■ Provided records
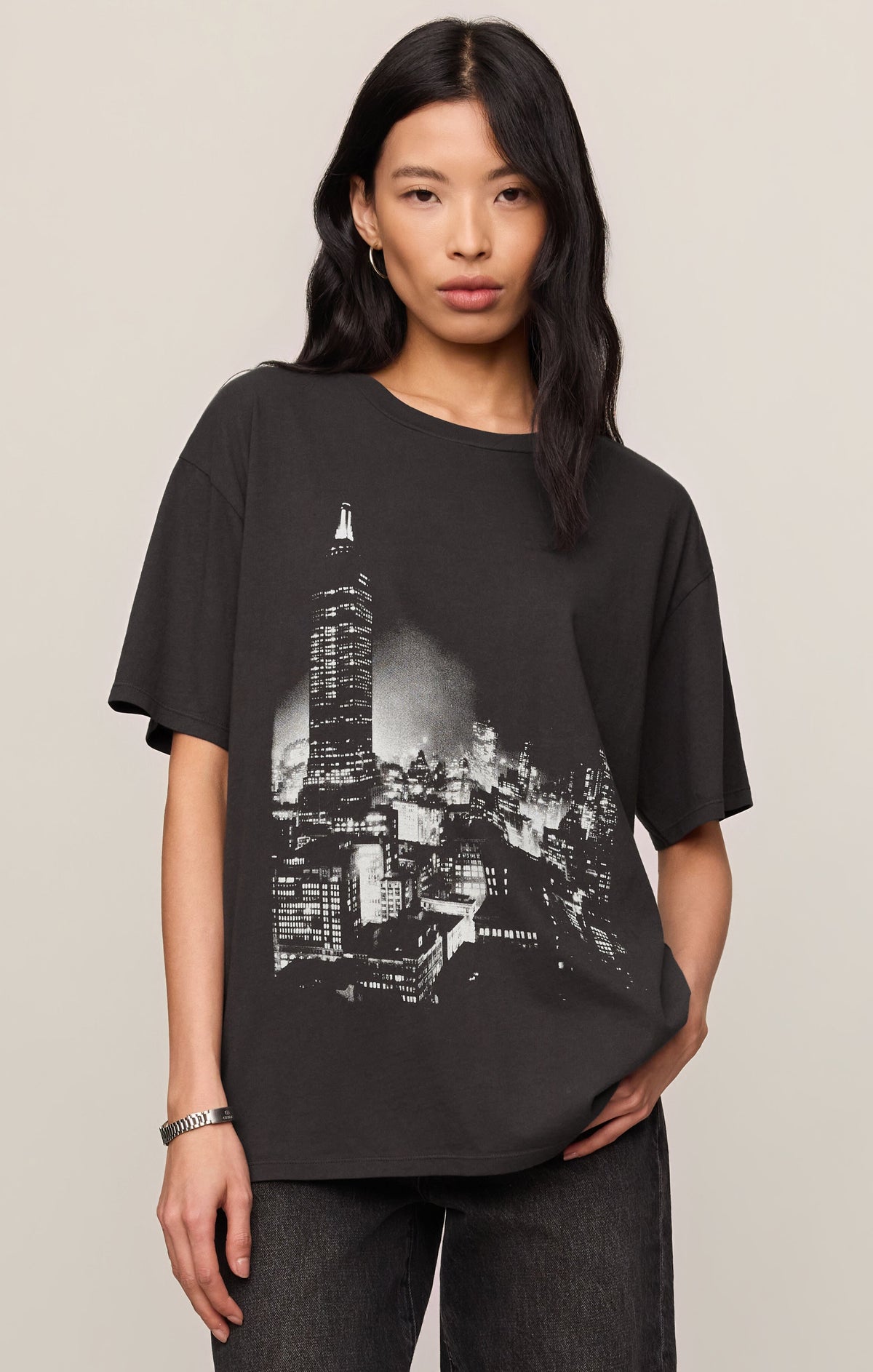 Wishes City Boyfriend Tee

---

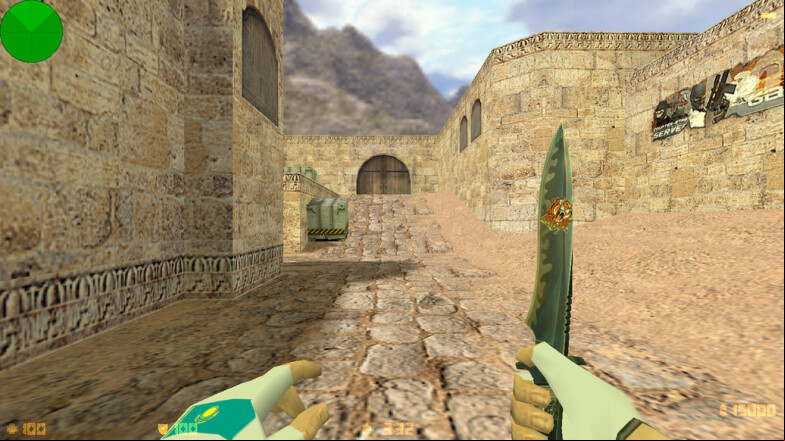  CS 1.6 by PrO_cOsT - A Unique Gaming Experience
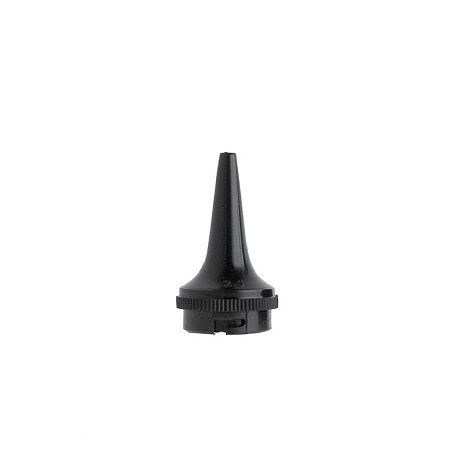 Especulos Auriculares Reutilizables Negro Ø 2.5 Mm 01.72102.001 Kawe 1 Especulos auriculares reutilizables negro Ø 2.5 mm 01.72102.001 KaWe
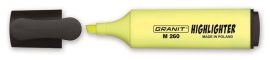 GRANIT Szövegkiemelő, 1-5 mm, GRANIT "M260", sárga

...

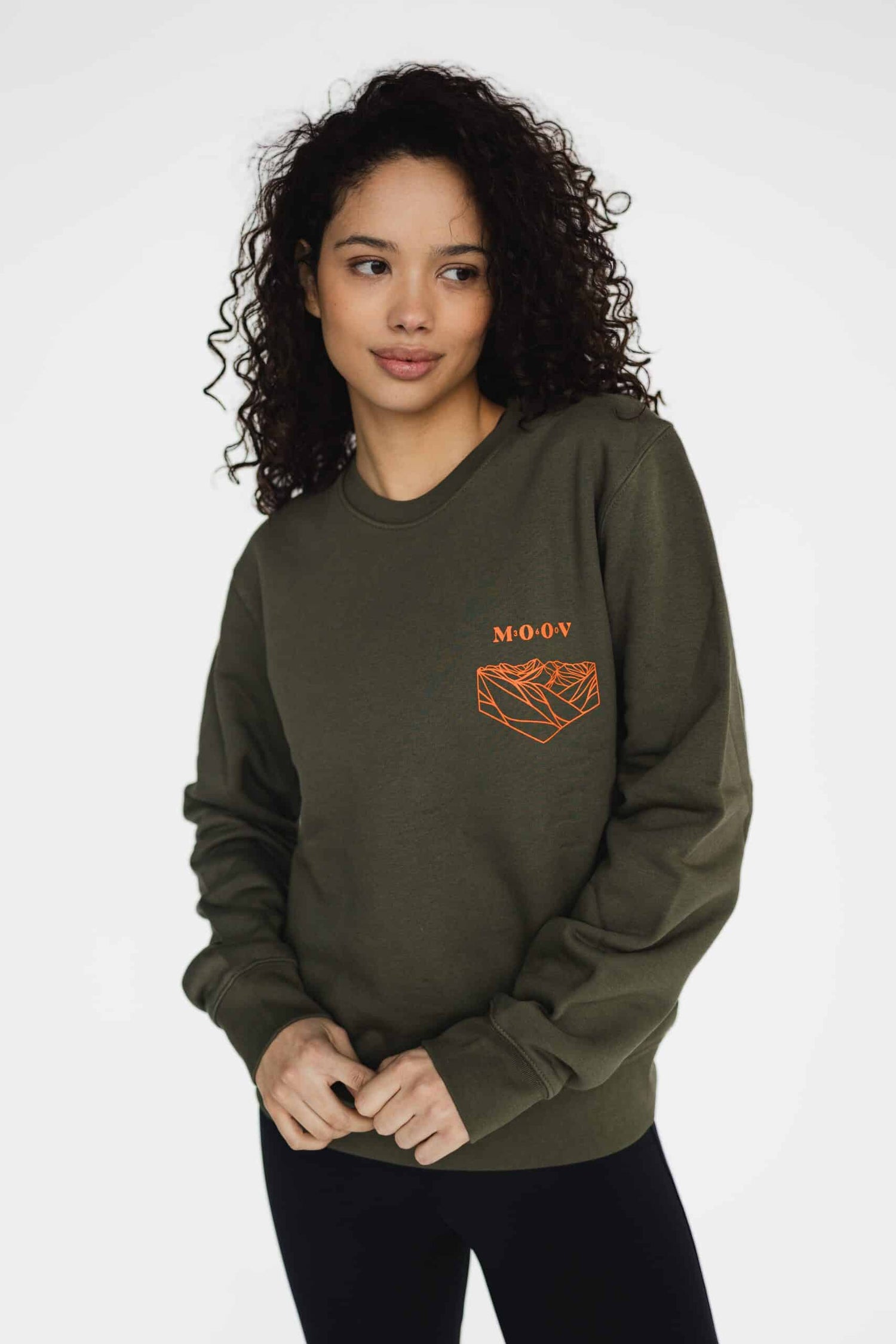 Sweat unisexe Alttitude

■ Work to complete
Using the records above, return verbatim only the part that opens with the line containing "01.72102.001 Kawe 1" and closes with the line containing "GRANIT Szövegkiemelő, 1-5"; pictures stay out.

■ Solution to this problem
 Especulos Auriculares Reutilizables Negro Ø 2.5 Mm 01.72102.001 Kawe 1 Especulos auriculares reutilizables negro Ø 2.5 mm 01.72102.001 KaWe
 GRANIT Szövegkiemelő, 1-5 mm, GRANIT "M260", sárga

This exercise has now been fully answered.